Leveraging deep learning for characterization of malaria parasite PUFs — proteins of unknown function
Confirmed Presenter: Harsh R. Srivastava, Center for Genomics and Systems Biology, Department of Biology, New York University, New York, NY, USA, United States
Room: 520b
Format: In Person
Moderator(s): Ana Rojas
Authors List: Show
- Harsh R. Srivastava, Center for Genomics and Systems Biology, Department of Biology, New York University, New York, NY, USA, United States
- Daniel Berenberg, Courant Institute, Department of Computer Science, New York University, New York, NY, USA, United States
- Omar Qassab, Center for Genomics and Systems Biology, Department of Biology, New York University, New York, NY, USA, United States
- Tymor Hamamsy, Courant Institute, Department of Computer Science, New York University, New York, NY, USA, United States
- Jane M. Carlton, Johns Hopkins Malaria Research Institute, Bloomberg School of Public Health, Baltimore, MD, USA, United States
- Richard Bonneau, Prescient Design, gRED Computational Sciences, Genentech, New York, NY, USA, United States
Presentation Overview: Show
Exploiting the sequence-structure-function paradigm is crucial for annotating proteins of unknown function (PUFs) in Plasmodium falciparum, a member of the diverged eukaryotic SAR (Stramenopiles, Alveolates, and Rhizarians) supergroup. P. falciparum, a malaria-causing parasite, accounted for ~250 million cases and over 600,000 deaths in 2022. Discovery of diagnostic and therapeutic targets in P. falciparum is hindered, as ~23% of proteins are classified as PUFs while ~40% of proteins are partially annotated. Predicting GO annotations for these PUFs is difficult given low sequence similarity to annotated proteins and limited generalization of deep learning models trained on well-studied SwissProt species to diverged organisms. Here, we focused on the structure-function relationship of SAR sequences and developed a new method to predict GO terms in P. falciparum. PFP (Plasmodium Function Predictor) is a collection of structural-homology based deep learning models trained using evolutionarily relevant structure-aware TM-Vec embeddings. We used a deep feedforward architecture with a dropout layer to predict GO annotations and quantify uncertainty using Monte Carlo dropout. When benchmarked against DeepGOPlus, PFP, demonstrated a significant improvement in Fmax, Smin, and AUPR-micro/AUPR-macro for our test split as well as our Plasmodium holdout split.
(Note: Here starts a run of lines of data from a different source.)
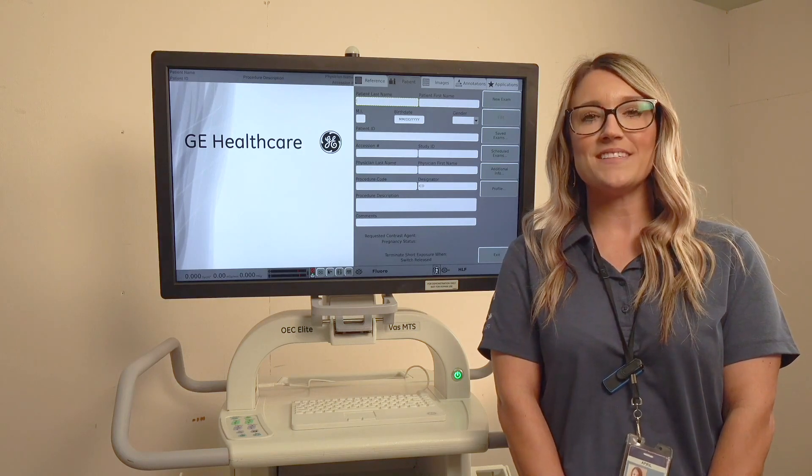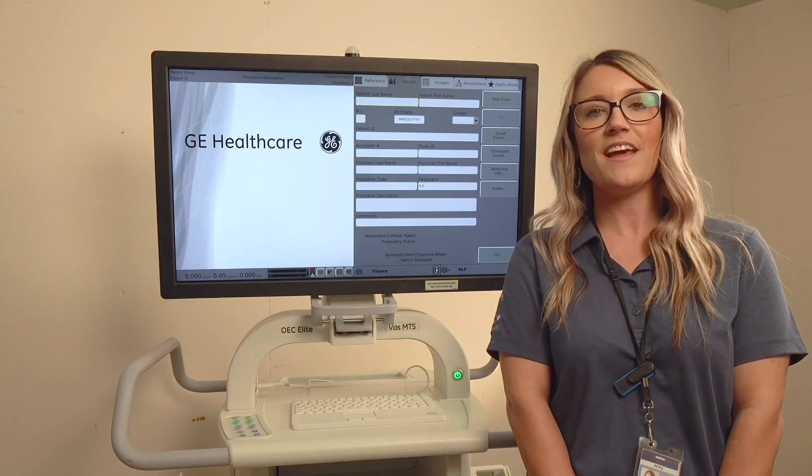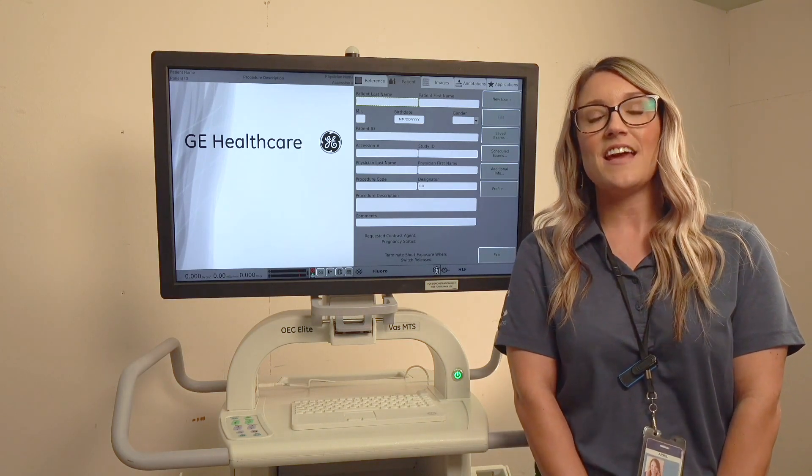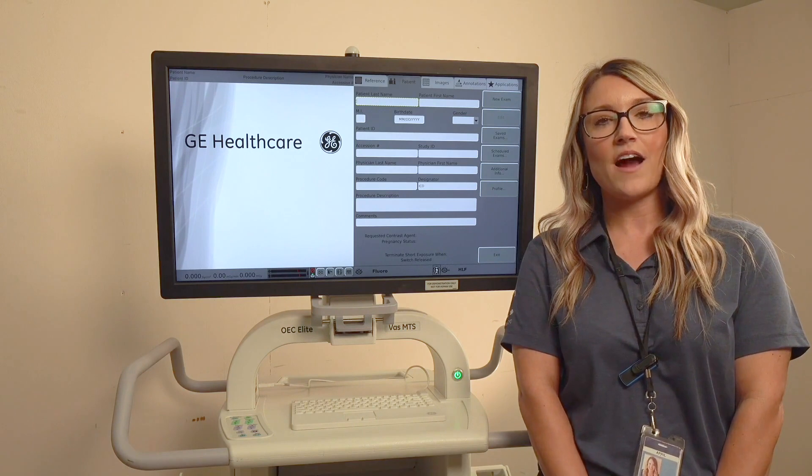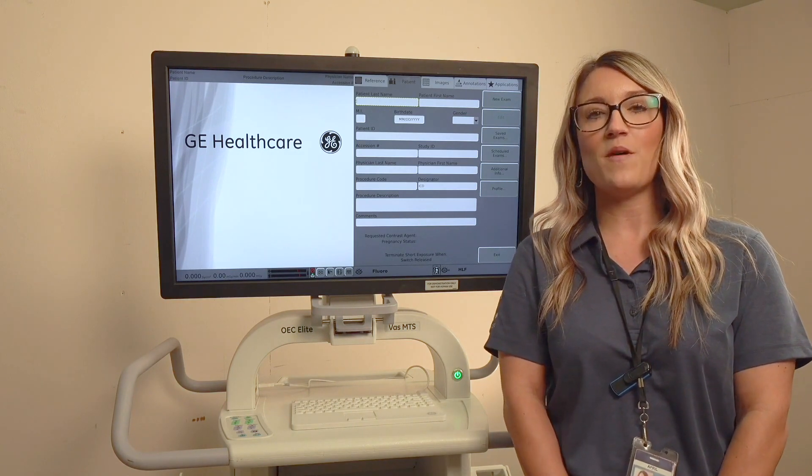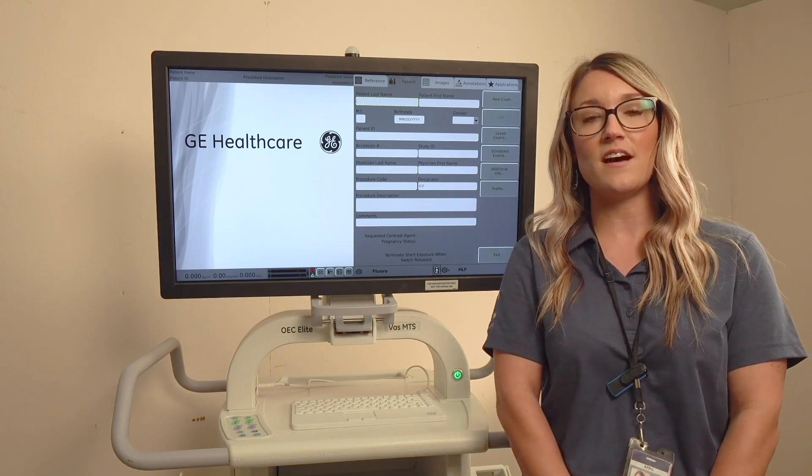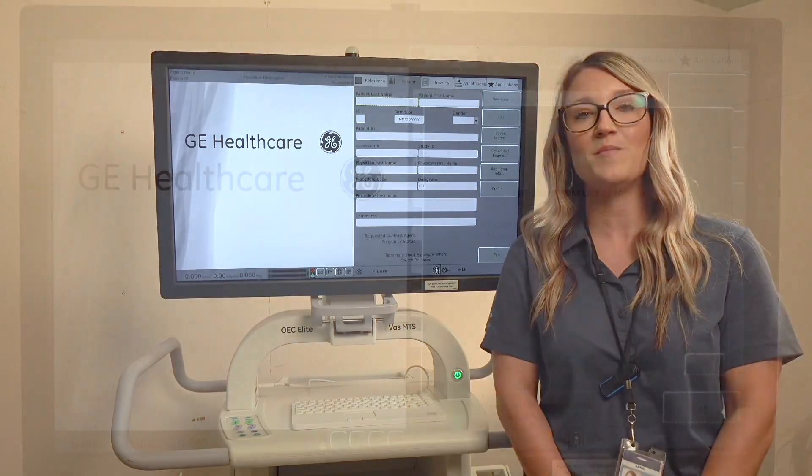Hi, my name is April Beasley. I'm a clinical imaging specialist with GE Healthcare. Today I'm going to go over how to start a new exam on a patient that was previously done on our system.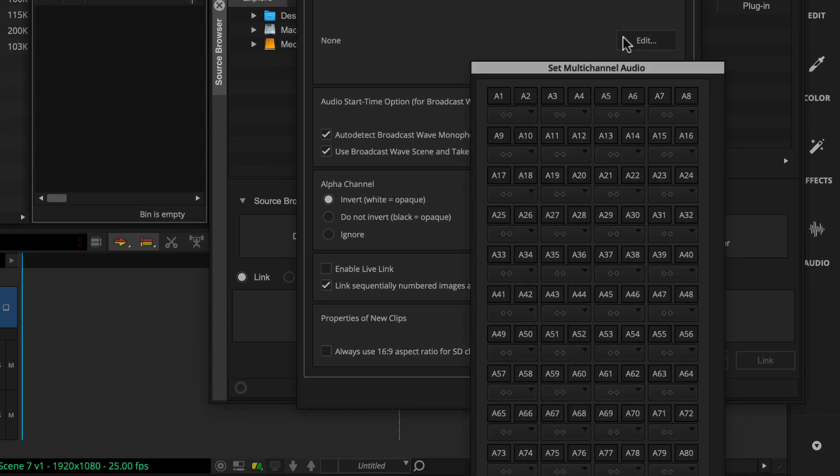In the set multi-channel audio window, just click the format button to group two audio tracks as a stereo pair. The button turns green. You can click it again to toggle back to mono.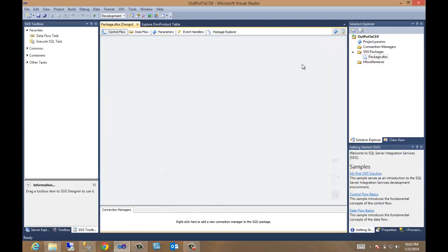All right, in this video, let's talk about outputting to a CSV file, which is really the same thing as outputting to a text file, except you append the .csv.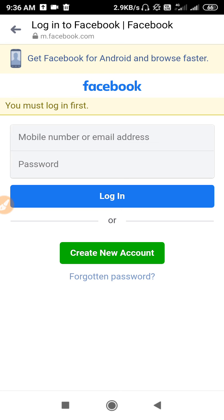This is the process to delete your Messenger account: first you have to delete Facebook, and then the Messenger account is also deleted. You cannot directly delete Messenger first — you have to delete Facebook first. I hope this video was helpful. Thanks for watching.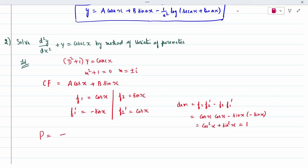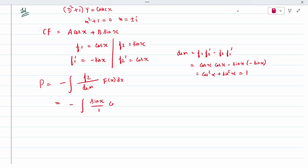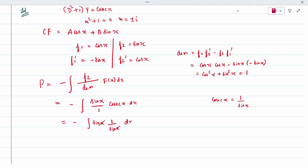Calculate P. Formula: P = −∫[f2/denominator]·F(x)dx = −∫[sin(x)/1]·cosec(x)dx. Since cosec(x) = 1/sin(x), sin(x) and cosec(x) cancel, leaving −∫dx = −x. So P = −x.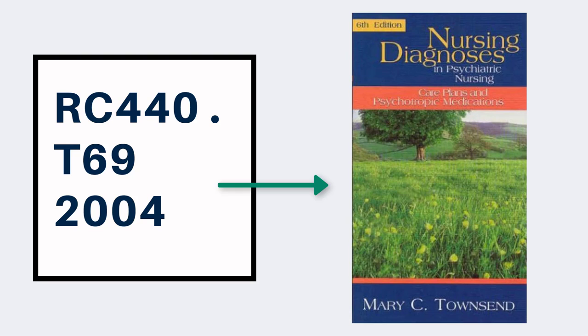If we follow this call number to the shelves, we should find this book, Nursing Diagnosis in Psychiatric Nursing, Care Plans and Psychotropic Medications by Mary Townsend. If you're looking for a specific book, be sure to double-check that you found what you need, and if you're struggling, let us know.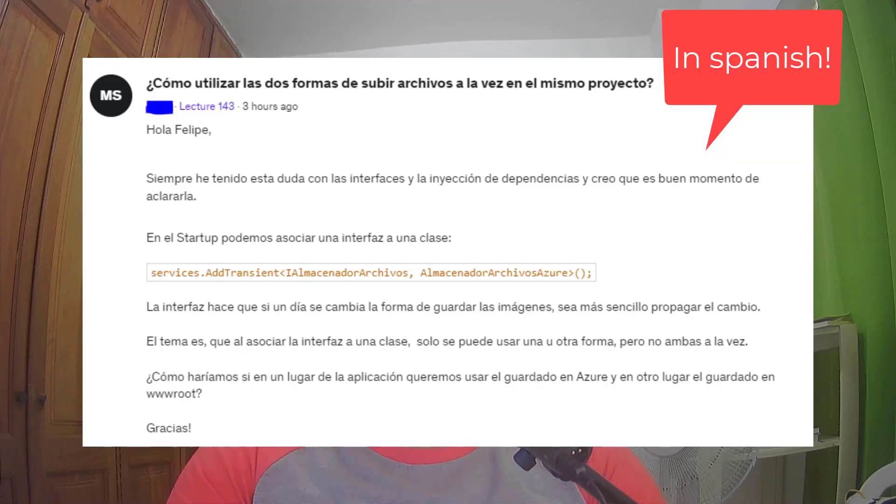Hello, my name is Felipe Gavilán and in this video we are going to answer a question from one of my students. The question is: how can we associate a service to different implementations so that we can decide that in a controller we will use one implementation and in another controller we are going to use another implementation? Basically, we want to have a service with an interface and we want to have two associated classes to that service. How can we do that? Let's see that in this video.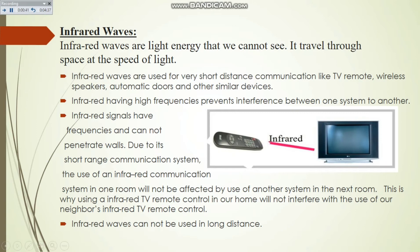Infrared signals have a high frequency and cannot penetrate walls due to their short-range communication. The use of an infrared communication system in one room will not be affected by use in another room. Simply put, signals from one room cannot be caught in another — for example, when I change the channel on my TV, I cannot change the signals on my neighbor's TV in another room. Infrared waves cannot be used for long distances; they are used for very short distance communication only.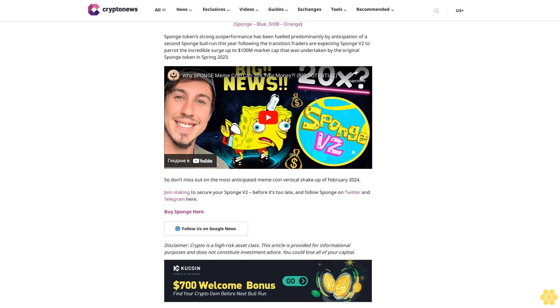Disclaimer: Crypto is a high-risk asset class. This article is provided for informational purposes and does not constitute investment advice. You could lose all of your capital.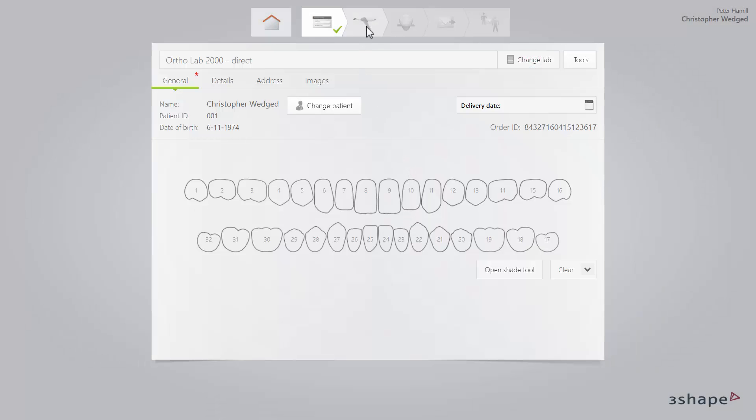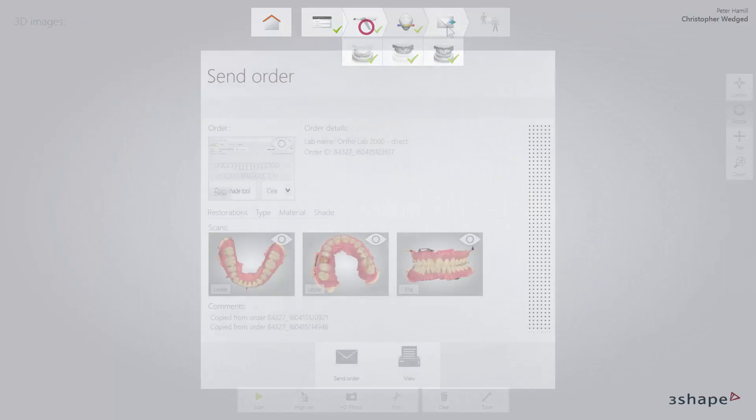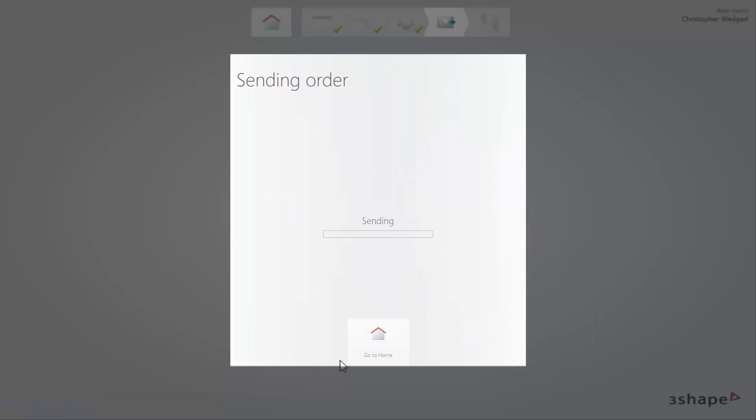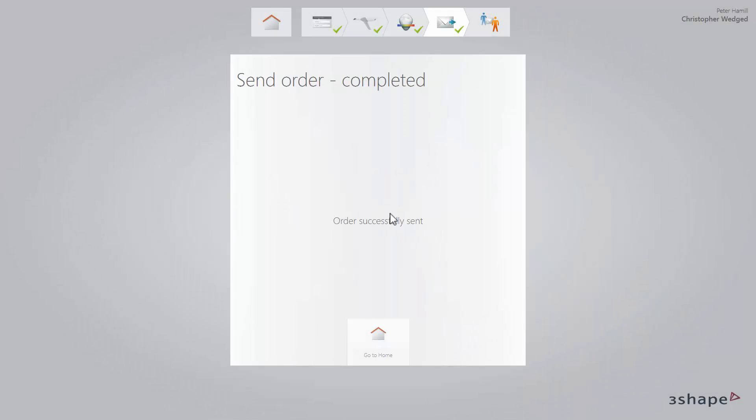Continue with the usual workflow, and while on the Send Order page, click the Send Order button. Then your order will be sent to the lab chosen beforehand on the Order Form page.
PFP predicted GO terms respected the hierarchical structure of GO and aligned with expected information content distributions. For poorly annotated proteins, PFP imputed GO terms which are biologically plausible given existing annotations. Additionally, predictions made by PFP were categorized into confidence levels and aligned with published data targeting specific P. falciparum PUFs. PFP is the first curated function prediction model developed specifically for a subset of eukaryotic species. We will discuss findings in model architecture and highlight specific GO predictions contributing to an increase of more than 25% in P. falciparum proteome annotation.